◆ **What is required**:
Write out all entries word for word.

[Short descriptive text snippets]

──────

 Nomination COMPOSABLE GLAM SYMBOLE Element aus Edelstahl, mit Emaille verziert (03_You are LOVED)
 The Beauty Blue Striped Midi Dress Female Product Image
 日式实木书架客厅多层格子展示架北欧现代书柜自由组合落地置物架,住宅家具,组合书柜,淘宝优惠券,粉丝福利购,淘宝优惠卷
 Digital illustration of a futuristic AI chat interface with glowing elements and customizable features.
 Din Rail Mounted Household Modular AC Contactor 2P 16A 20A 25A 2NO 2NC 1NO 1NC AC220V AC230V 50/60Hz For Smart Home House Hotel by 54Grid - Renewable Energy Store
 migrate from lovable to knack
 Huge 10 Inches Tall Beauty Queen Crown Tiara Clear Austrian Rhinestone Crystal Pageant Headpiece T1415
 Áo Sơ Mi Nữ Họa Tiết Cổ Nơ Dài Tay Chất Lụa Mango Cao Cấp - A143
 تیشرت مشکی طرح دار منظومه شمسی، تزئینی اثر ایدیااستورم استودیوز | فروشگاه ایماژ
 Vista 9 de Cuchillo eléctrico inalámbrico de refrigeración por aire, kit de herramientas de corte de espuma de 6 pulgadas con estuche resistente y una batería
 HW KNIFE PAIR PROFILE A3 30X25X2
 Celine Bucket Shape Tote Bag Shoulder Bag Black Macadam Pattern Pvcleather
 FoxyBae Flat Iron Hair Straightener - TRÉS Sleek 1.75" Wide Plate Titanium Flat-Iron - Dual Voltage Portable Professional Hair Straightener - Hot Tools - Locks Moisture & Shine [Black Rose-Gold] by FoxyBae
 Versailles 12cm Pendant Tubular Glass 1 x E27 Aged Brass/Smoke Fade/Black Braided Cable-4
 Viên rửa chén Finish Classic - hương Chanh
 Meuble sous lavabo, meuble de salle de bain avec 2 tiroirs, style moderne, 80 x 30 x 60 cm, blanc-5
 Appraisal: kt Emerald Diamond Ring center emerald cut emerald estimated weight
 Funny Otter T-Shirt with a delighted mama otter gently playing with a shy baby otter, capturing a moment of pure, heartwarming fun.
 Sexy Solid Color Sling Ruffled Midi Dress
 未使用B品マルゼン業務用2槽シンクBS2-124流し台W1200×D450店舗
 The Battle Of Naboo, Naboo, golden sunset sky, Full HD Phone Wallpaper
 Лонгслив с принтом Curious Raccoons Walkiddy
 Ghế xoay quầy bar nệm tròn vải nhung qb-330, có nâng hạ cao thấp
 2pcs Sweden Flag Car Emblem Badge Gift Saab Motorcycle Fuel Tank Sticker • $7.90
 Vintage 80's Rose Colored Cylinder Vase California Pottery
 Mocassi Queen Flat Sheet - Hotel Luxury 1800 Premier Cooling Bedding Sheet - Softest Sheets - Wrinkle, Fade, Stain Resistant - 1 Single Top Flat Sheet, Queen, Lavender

──────

◆ **Reply to the task**:
 Nomination COMPOSABLE GLAM SYMBOLE Element aus Edelstahl, mit Emaille verziert (03_You are LOVED)
 The Beauty Blue Striped Midi Dress Female Product Image
 日式实木书架客厅多层格子展示架北欧现代书柜自由组合落地置物架,住宅家具,组合书柜,淘宝优惠券,粉丝福利购,淘宝优惠卷
 Digital illustration of a futuristic AI chat interface with glowing elements and customizable features.
 Din Rail Mounted Household Modular AC Contactor 2P 16A 20A 25A 2NO 2NC 1NO 1NC AC220V AC230V 50/60Hz For Smart Home House Hotel by 54Grid - Renewable Energy Store
 migrate from lovable to knack
 Huge 10 Inches Tall Beauty Queen Crown Tiara Clear Austrian Rhinestone Crystal Pageant Headpiece T1415
 Áo Sơ Mi Nữ Họa Tiết Cổ Nơ Dài Tay Chất Lụa Mango Cao Cấp - A143
 تیشرت مشکی طرح دار منظومه شمسی، تزئینی اثر ایدیااستورم استودیوز | فروشگاه ایماژ
 Vista 9 de Cuchillo eléctrico inalámbrico de refrigeración por aire, kit de herramientas de corte de espuma de 6 pulgadas con estuche resistente y una batería
 HW KNIFE PAIR PROFILE A3 30X25X2
 Celine Bucket Shape Tote Bag Shoulder Bag Black Macadam Pattern Pvcleather
 FoxyBae Flat Iron Hair Straightener - TRÉS Sleek 1.75" Wide Plate Titanium Flat-Iron - Dual Voltage Portable Professional Hair Straightener - Hot Tools - Locks Moisture & Shine [Black Rose-Gold] by FoxyBae
 Versailles 12cm Pendant Tubular Glass 1 x E27 Aged Brass/Smoke Fade/Black Braided Cable-4
 Viên rửa chén Finish Classic - hương Chanh
 Meuble sous lavabo, meuble de salle de bain avec 2 tiroirs, style moderne, 80 x 30 x 60 cm, blanc-5
 Appraisal: kt Emerald Diamond Ring center emerald cut emerald estimated weight
 Funny Otter T-Shirt with a delighted mama otter gently playing with a shy baby otter, capturing a moment of pure, heartwarming fun.
 Sexy Solid Color Sling Ruffled Midi Dress
 未使用B品マルゼン業務用2槽シンクBS2-124流し台W1200×D450店舗
 The Battle Of Naboo, Naboo, golden sunset sky, Full HD Phone Wallpaper
 Лонгслив с принтом Curious Raccoons Walkiddy
 Ghế xoay quầy bar nệm tròn vải nhung qb-330, có nâng hạ cao thấp
 2pcs Sweden Flag Car Emblem Badge Gift Saab Motorcycle Fuel Tank Sticker • $7.90
 Vintage 80's Rose Colored Cylinder Vase California Pottery
 Mocassi Queen Flat Sheet - Hotel Luxury 1800 Premier Cooling Bedding Sheet - Softest Sheets - Wrinkle, Fade, Stain Resistant - 1 Single Top Flat Sheet, Queen, Lavender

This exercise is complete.